Abstract
Background
The global spread of Coronavirus disease (COVID-19), caused by severe acute respiratory syndrome coronavirus 2 (SARS-CoV-2), has prompted the investigation of a predictive model for early mortality risk estimation in critical-type COVID-19 patients through the integration of metabolomics and clinical data using machine learning techniques in this study.
Methods
One hundred patients with severe COVID-19 infection, comprising 46 survivors and 53 non-survivors, were enrolled from the Second Hospital affiliated with Harbin Medical University. A predictive model was developed within 24 hours of admission utilizing blood metabolomics and clinical data. Differential metabolite analysis and other techniques were employed to identify relevant features. The performance of the models was evaluated by comparing the area under the receiver operating characteristic curve (AUROC). The ultimate predictive model underwent external validation with a cohort of 50 critical COVID-19 patients from the First Hospital affiliated with Harbin Medical University.
Results
Significant disparities in blood metabolomics and laboratory parameters were noted between individuals who survived and those who did not. Two metabolite indicators, Itaconic acid and 3-Oxalomalate, along with four laboratory tests (LYM, IL-6, PCT, and CRP), were identified as the six variables in all four models.

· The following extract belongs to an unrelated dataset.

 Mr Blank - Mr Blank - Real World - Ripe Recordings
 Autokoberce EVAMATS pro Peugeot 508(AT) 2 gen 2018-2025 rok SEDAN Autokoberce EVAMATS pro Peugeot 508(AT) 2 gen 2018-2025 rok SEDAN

The external validation set demonstrated that the KNN model exhibited the highest AUC of 0.935 among the four models. When considering a 50% risk of mortality threshold, the validation set displayed a sensitivity of 0.926 and a specificity of 0.934.
Conclusions
The prognostic outcome of COVID-19 patients is significantly influenced by the levels of Itaconic acid, 3-Oxalomalate, LYM, IL-6, PCT, and CRP upon admission. These six indicators can be utilized to assess the mortality risk in affected individuals.